The Latin American nation of El Salvador made headlines worldwide last month when it became the first country ever to officially recognize Bitcoin as legal tender. While both critics and proponents remain in abundance, the country has managed to popularize the use of the top cryptocurrency. Albeit, with a few hiccups along the way.
It’s too early to assess if Bitcoin will solve the country’s economic uncertainties. With the likes of Brazil heading in a similar direction, we’ll have a clearer answer soon enough.
However, according to Cardano Founder Charles Hoskinson, this isn’t exactly a particularly well thought out move from the economic perspective.
In an interview with Harvard International Review, Hoskinson opined that an international currency is bound to have three properties – It has to be a means of exchange, a unit of account, and a store of value.
In that sense, even Bitcoin is “suboptimal,” the exec claimed. So, what about Cardano’s native token ADA? According to the exec,
“I doubt that ADA will ever be considered a national currency.”
Why? Because the dollar value of these cryptocurrencies keeps fluctuating, making them unreliable sources of credit. Hoskinson explained,
“People think in terms of dollars, and you have to kind of get to a point where you create an instrument that has values stability, high velocity, and price predictability, so that you can use it for credit, because money is very closely related to credit.”
This makes it tough for Bitcoin or similar cryptocurrencies to be used as a lending instrument due to the volatility of the underlying asset.
The solutions to that, according to Hoskinson, however, are algorithmic stablecoins like MakerDAO’s DAI and Cardano’s own recently announced Djed.
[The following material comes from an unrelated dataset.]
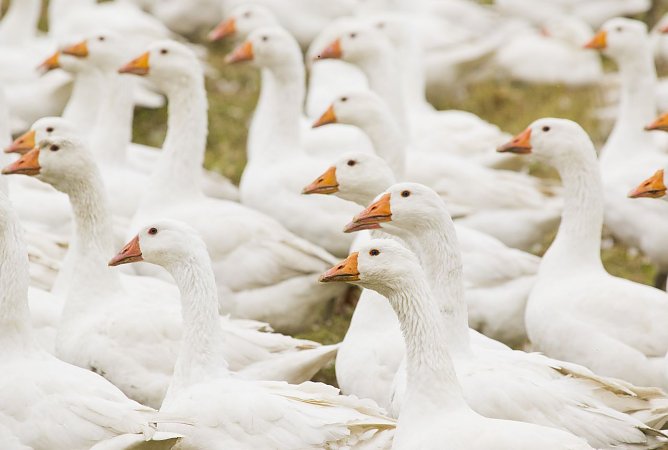 Lebens gerupft (Foto: Stiftung Warentest) Lebens gerupft (Foto: Stiftung Warentest)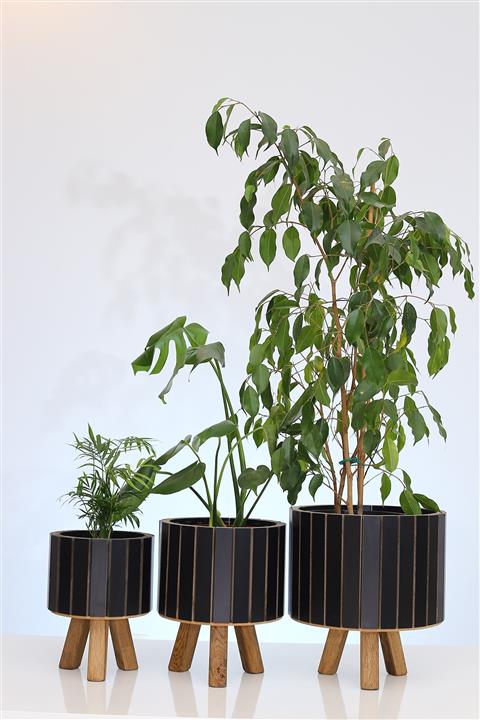 Hakan Mobilya Siyah Ahşap Ayaklı 3'lü Yuvarlak Saksı Standı Seti Dekoratif Çiçeklik Balkon Bahçe Ahşap Saksılık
He added,
“Instruments like ADA and cryptocurrencies in general can be used to construct derivatives or structures that become tremendously good currencies.”
Stablecoins – Best of both worlds?
Algorithmic stablecoins can keep their peg using only software and rules instead of any fiat currency, enabling them to scale infinitely. They do so in accordance with the needs of the economy, while also being completely decentralized.
This will not only remove reliance on fiat currencies, but will also allow countries to have greater control over their monetary policy. Especially if they decide to include cryptos in it, according to Joel Telpner, Chief Legal Officer at Input Output Hong Kong.
In fact, Telpner was also quick to clarify that as was the case with the U.S Dollar, El Salvador can’t control any aspect of Bitcoin either.
“But if you use that as a base and adopt some type of stable coin, now, you’re not only getting the benefit of crypto but you do have the ability once again to also control the monetary policy and so I think in a way you get the best of both worlds.”
According to Hoskinson, these include “instant finality, ease of storage, programmability, with the signature for added security and support,” along with the ability to activate “Know-Your-Customer” and “Anti Money Laundering” provisions.
In his view, countries will be much better poised if they didn’t focus on solely adopting Bitcoin. Instead, they should move towards creating their own digital currencies.
“For El Salvador, the sequel to their work will likely be a digital currency. And that digital currency will likely be value stable. And it would then make a great medium of exchange and unit of account.”